To evaluate the VM formation in vivo, EBV− and EBV+ AGS cells were injected subcutaneously into nude mice. The xenografts images were taken four weeks post-implantation ( Figure 5A ). Compared with the parental cells, AGS cells infected with EBV dramatically exacerbated tumor growth ( Figures 5B, C ). Double staining CD34/PAS showed that the tumors derived from EBV+ cells exhibited more VM structures than those derived from EBV- cells ( Figure 5D ), suggesting that EBV infection promoted the VM formation and tumorigenicity of GC cells.

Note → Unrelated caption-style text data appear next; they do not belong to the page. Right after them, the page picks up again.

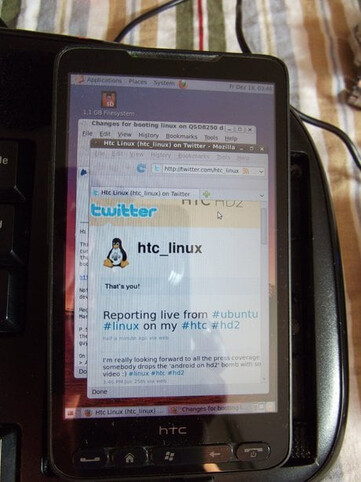 Ubuntu startar på HTC HD2. (Bildkälla: r/linux på Reddit)
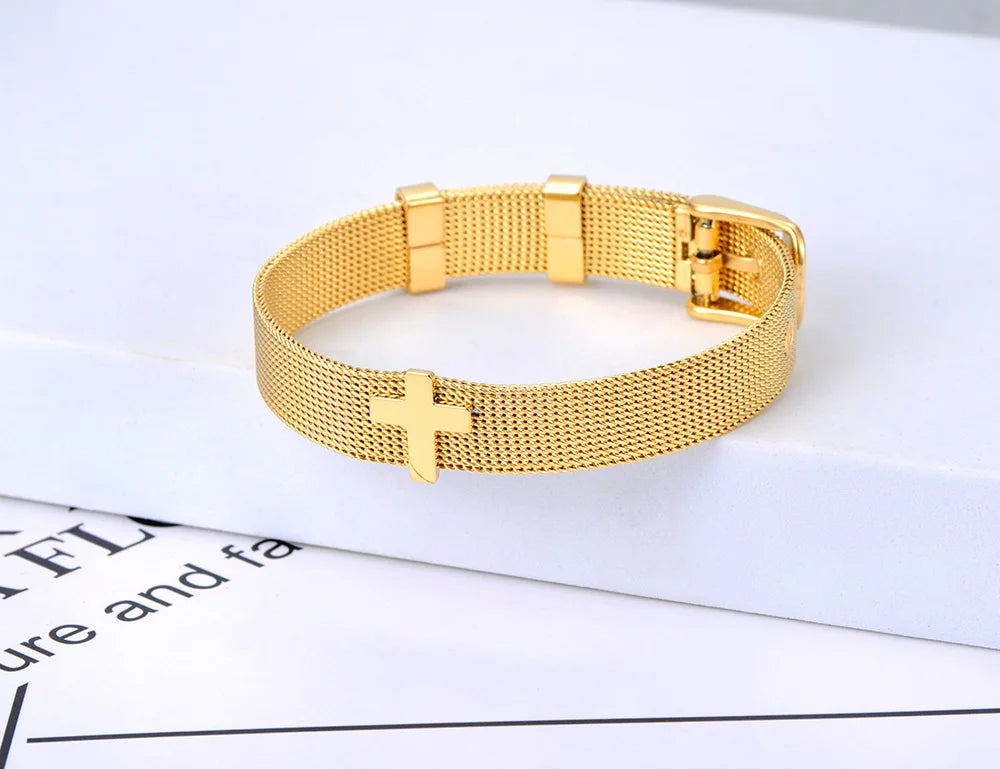 Bracelete acero inoxidable, detalle Cruz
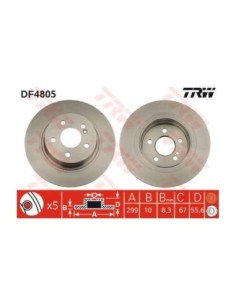 TRW DISCO FRENO DF4805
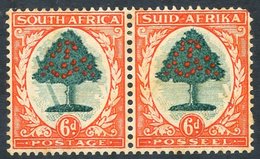 1933-486d Orange Tree A Horizontal M Pair Incl. The 'Falling Ladder' Flaw, Some Tone Spots & Normal Stamp With Missing C - Otros & Sin Clasificación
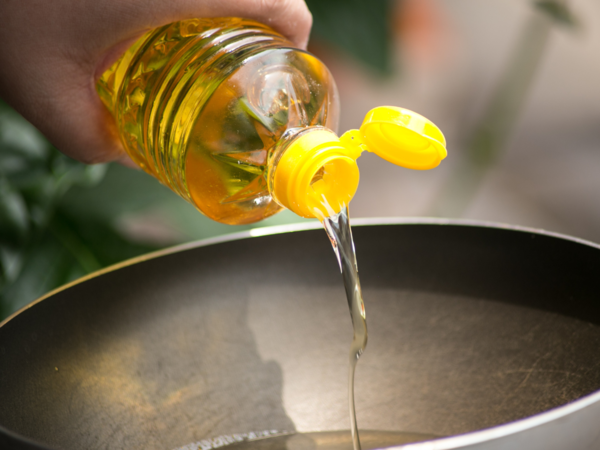 Bottle of vegetable oil with controversial additives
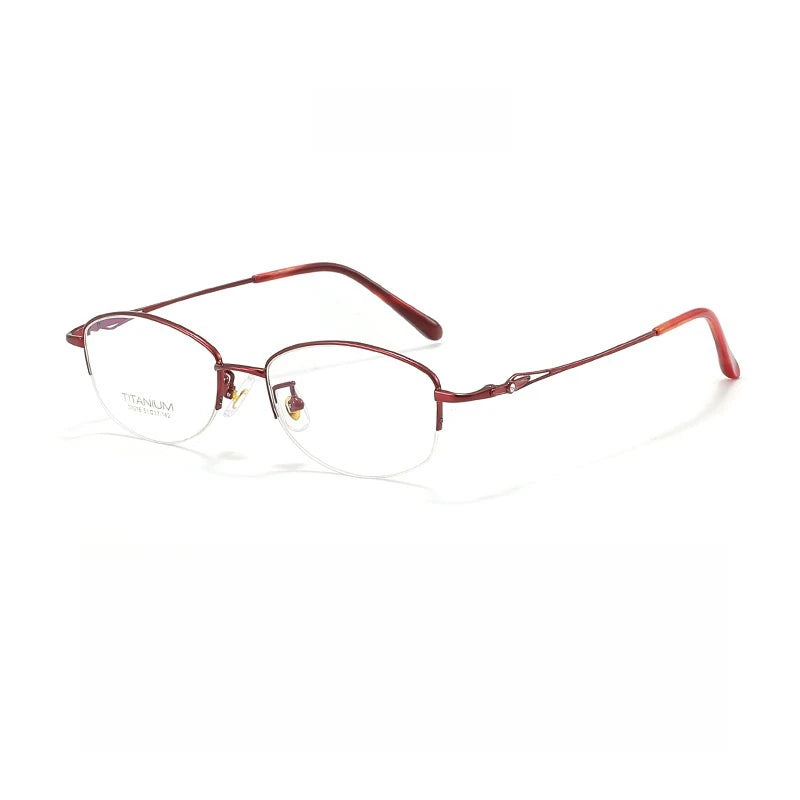 Yimaruili Women's Semi Rim Square Oval Titanium Eyeglasses Y7016 Semi Rim Yimaruili Eyeglasses Red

We also investigated the correlation between VM and CXCL8 formation in GC tissues. The VM channels positive for PAS and negative for CD34 were lined with EBER-positive tumor cells and contained red blood cells ( Figure 6A , top panel). CXCL8 was mainly located in the nucleus of tumor cells. However, cytoplasm and membranous positivity could also be observed. As shown in Figure 6A , EBVaGC showed stronger CXCL8 immunostaining than EBVnGC. In addition, the PAS+CD34− GC tumor cells expressed high levels of CXCL8 in EBVaGC ( Figure 6B ). Furthermore, high CXCL8 expression was associated with worse OS in GC patients ( Figure 6C ). These data confirmed the existence of VM in GC clinical samples and further demonstrated the association between EBV infection, VM formation, and CXCL8 expression.